*What the task requires*:
Below is a listing with pictures. Repeat exactly the lines starting at the one holding "Pembe arka planda" and going on through the one holding "Overblikk over Japamala", and leave every picture out.

*Given records*:
• • • • • • •

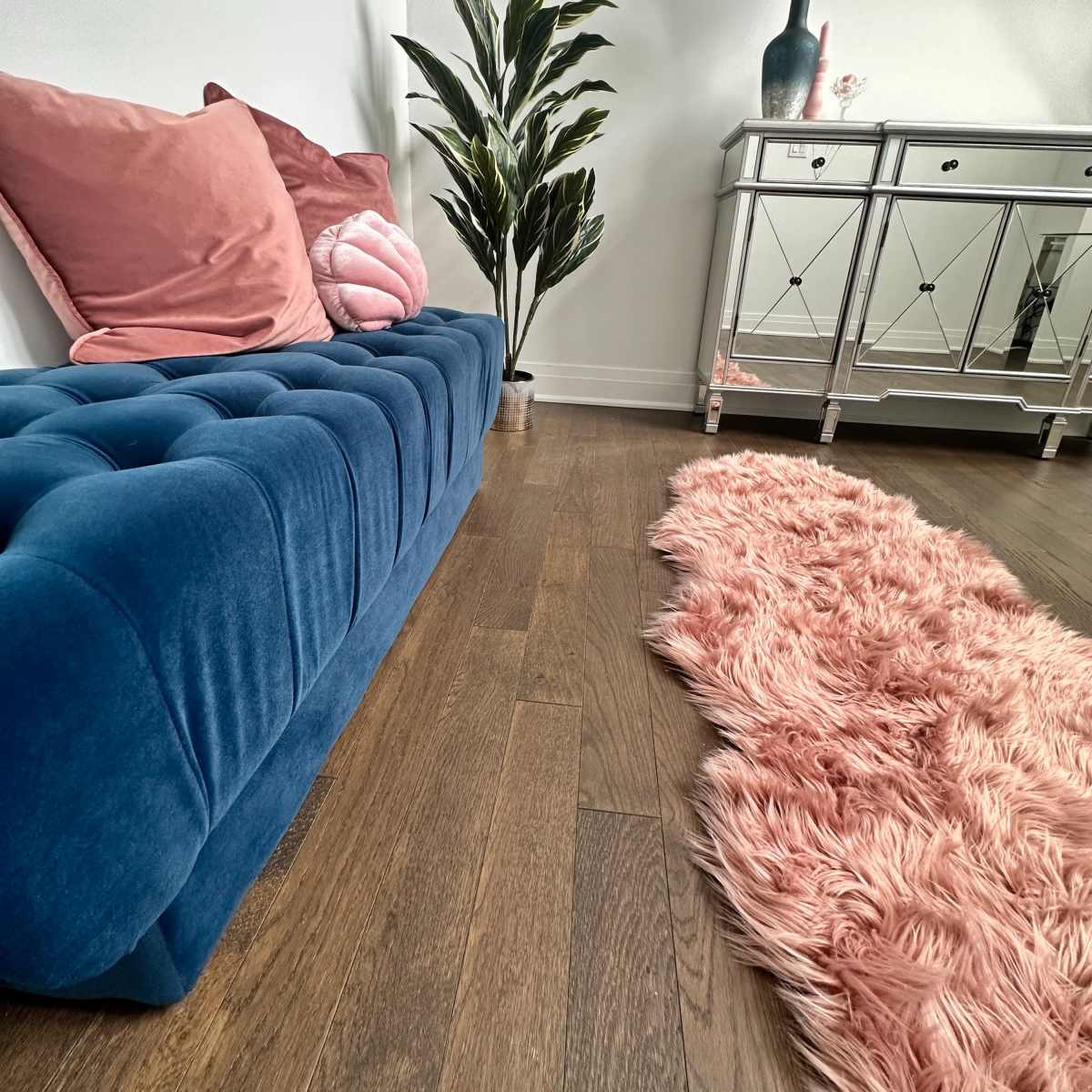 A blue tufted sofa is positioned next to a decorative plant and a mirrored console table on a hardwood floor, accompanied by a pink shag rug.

• • • • • • •

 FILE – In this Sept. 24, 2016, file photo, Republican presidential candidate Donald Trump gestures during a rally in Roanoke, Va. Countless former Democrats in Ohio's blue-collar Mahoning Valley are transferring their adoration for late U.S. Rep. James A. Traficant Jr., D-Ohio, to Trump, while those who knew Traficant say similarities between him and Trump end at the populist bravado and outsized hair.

• • • • • • •

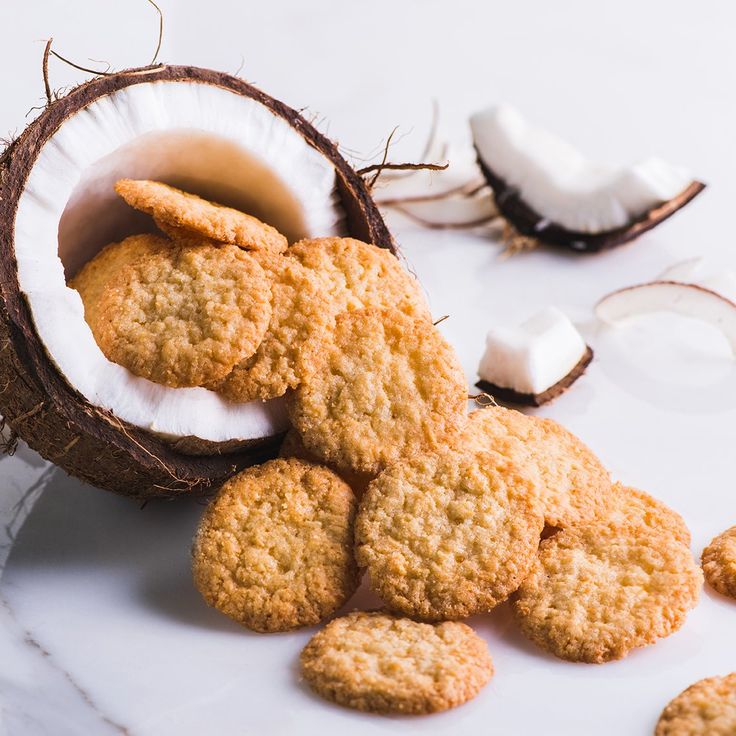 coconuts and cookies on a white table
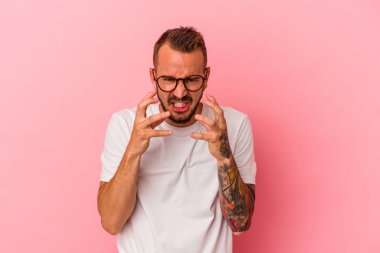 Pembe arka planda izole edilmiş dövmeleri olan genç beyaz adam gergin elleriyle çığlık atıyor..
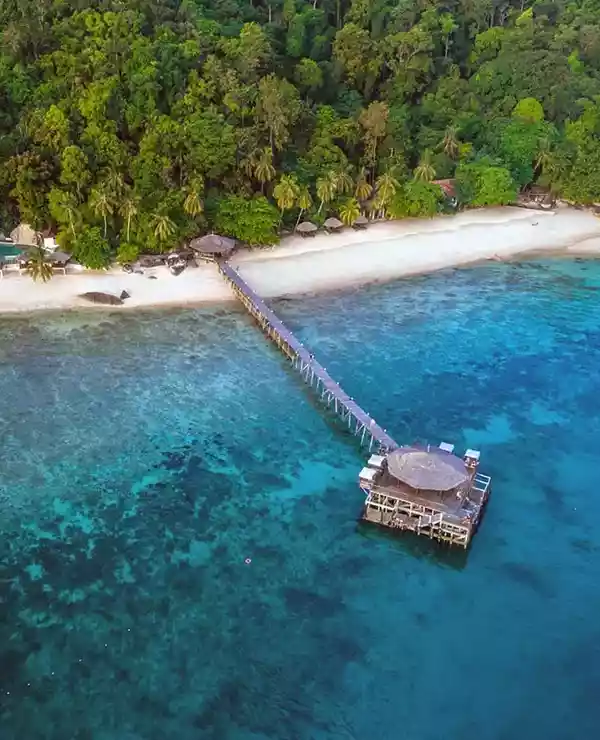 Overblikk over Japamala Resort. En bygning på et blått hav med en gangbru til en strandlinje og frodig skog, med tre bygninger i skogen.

• • • • • • •

*Answer section*:
 Pembe arka planda izole edilmiş dövmeleri olan genç beyaz adam gergin elleriyle çığlık atıyor..
 Overblikk over Japamala Resort. En bygning på et blått hav med en gangbru til en strandlinje og frodig skog, med tre bygninger i skogen.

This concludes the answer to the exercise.